REQUIRED ACTION: For this exercise, repeat the listing below from its first line through the line containing "NEXRAD radar-signature map", exactly as written.

MATERIAL PROVIDED:
§ §
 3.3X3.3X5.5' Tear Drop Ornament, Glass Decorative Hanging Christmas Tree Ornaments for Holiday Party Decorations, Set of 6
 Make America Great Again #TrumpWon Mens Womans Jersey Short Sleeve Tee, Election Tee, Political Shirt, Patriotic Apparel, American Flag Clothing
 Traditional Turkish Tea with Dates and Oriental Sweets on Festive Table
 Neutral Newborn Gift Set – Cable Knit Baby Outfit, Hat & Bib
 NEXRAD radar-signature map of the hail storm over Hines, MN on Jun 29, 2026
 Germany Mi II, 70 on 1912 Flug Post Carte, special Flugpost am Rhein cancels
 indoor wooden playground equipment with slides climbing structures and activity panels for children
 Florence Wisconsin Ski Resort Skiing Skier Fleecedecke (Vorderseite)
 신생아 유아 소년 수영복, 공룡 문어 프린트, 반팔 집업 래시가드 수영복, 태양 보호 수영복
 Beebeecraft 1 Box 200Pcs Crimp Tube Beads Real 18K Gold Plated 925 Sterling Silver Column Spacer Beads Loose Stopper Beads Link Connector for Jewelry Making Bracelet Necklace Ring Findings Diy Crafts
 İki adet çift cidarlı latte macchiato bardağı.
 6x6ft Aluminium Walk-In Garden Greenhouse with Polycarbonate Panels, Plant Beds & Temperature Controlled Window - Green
§ §
ANSWER BELOW:
 3.3X3.3X5.5' Tear Drop Ornament, Glass Decorative Hanging Christmas Tree Ornaments for Holiday Party Decorations, Set of 6
 Make America Great Again #TrumpWon Mens Womans Jersey Short Sleeve Tee, Election Tee, Political Shirt, Patriotic Apparel, American Flag Clothing
 Traditional Turkish Tea with Dates and Oriental Sweets on Festive Table
 Neutral Newborn Gift Set – Cable Knit Baby Outfit, Hat & Bib
 NEXRAD radar-signature map of the hail storm over Hines, MN on Jun 29, 2026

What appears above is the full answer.